Fang Jiansong, Wu Zengrui, Cai Chuipu, Wang Qi, Tang Yun, Cheng Feixiong
Institute of Clinical Pharmacology, Guangzhou University of Chinese Medicine , 12 Jichang Road, Guangzhou 510405, China.
Shanghai Key Laboratory of New Drug Design, School of Pharmacy, East China University of Science and Technology , 130 Meilong Road, Shanghai 200237, China.
J Chem Inf Model. 2017 Nov 27;57(11):2657-2671. doi: 10.1021/acs.jcim.7b00216. Epub 2017 Oct 13.
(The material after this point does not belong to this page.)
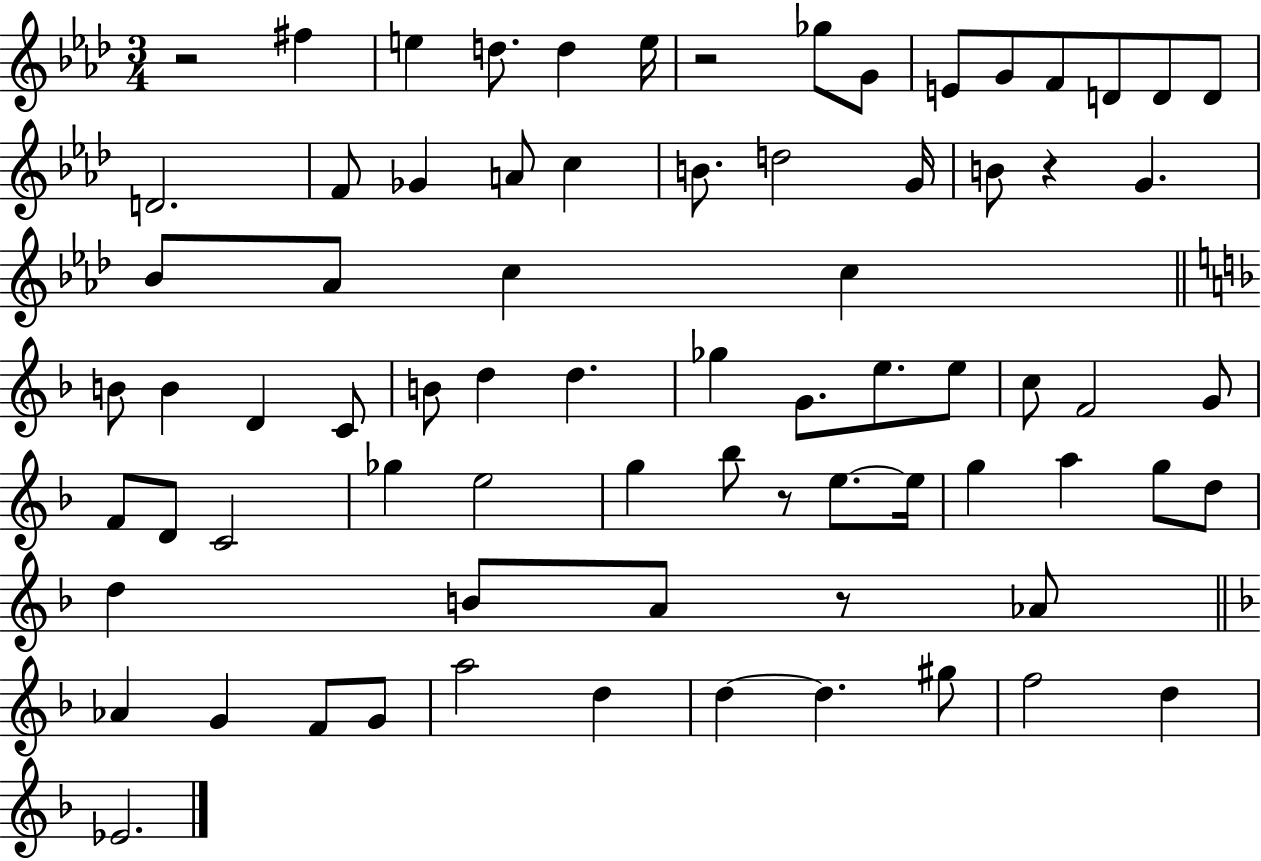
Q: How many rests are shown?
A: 5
Natural products with diverse chemical scaffolds have been recognized as an invaluable source of compounds in drug discovery and development. However, systematic identification of drug targets for natural products at the human proteome level via various experimental assays is highly expensive and time-consuming. In this study, we proposed a systems pharmacology infrastructure to predict new drug targets and anticancer indications of natural products. Specifically, we reconstructed a global drug-target network with 7,314 interactions connecting 751 targets and 2,388 natural products and built predictive network models via a balanced substructure-drug-target network-based inference approach. A high area under receiver operating characteristic curve of 0.96 was yielded for predicting new targets of natural products during cross-validation. The newly predicted targets of natural products (e.g., resveratrol, genistein, and kaempferol) with high scores were validated by various literature studies. We further built the statistical network models for identification of new anticancer indications of natural products through integration of both experimentally validated and computationally predicted drug-target interactions of natural products with known cancer proteins. We showed that the significantly predicted anticancer indications of multiple natural products (e.g., naringenin, disulfiram, and metformin) with new mechanism-of-action were validated by various published experimental evidence. In summary, this study offers powerful computational systems pharmacology approaches and tools for the development of novel targeted cancer therapies by exploiting the polypharmacology of natural products.
具有多样化学骨架的天然产物已被公认为是药物发现与开发中化合物的宝贵来源。然而,通过各种实验测定在人类蛋白质组水平上系统鉴定天然产物的药物靶点成本高昂且耗时。在本研究中,我们提出了一种系统药理学框架来预测天然产物的新药物靶点和抗癌适应症。具体而言,我们重建了一个包含751个靶点和2388种天然产物之间7314个相互作用的全球药物 - 靶点网络,并通过基于平衡子结构 - 药物 - 靶点网络的推理方法构建了预测网络模型。在交叉验证期间,预测天然产物新靶点的受试者工作特征曲线下面积高达0.96。通过各种文献研究验证了得分较高的天然产物(如白藜芦醇、染料木黄酮和山奈酚)的新预测靶点。我们进一步通过整合天然产物已实验验证和计算预测的与已知癌症蛋白质的药物 - 靶点相互作用,构建了用于鉴定天然产物新抗癌适应症的统计网络模型。我们表明,多种具有新作用机制的天然产物(如柚皮素、双硫仑和二甲双胍)的显著预测抗癌适应症已被各种已发表的实验证据所验证。总之,本研究提供了强大的计算系统药理学方法和工具,通过利用天然产物的多药理学特性来开发新型靶向癌症疗法。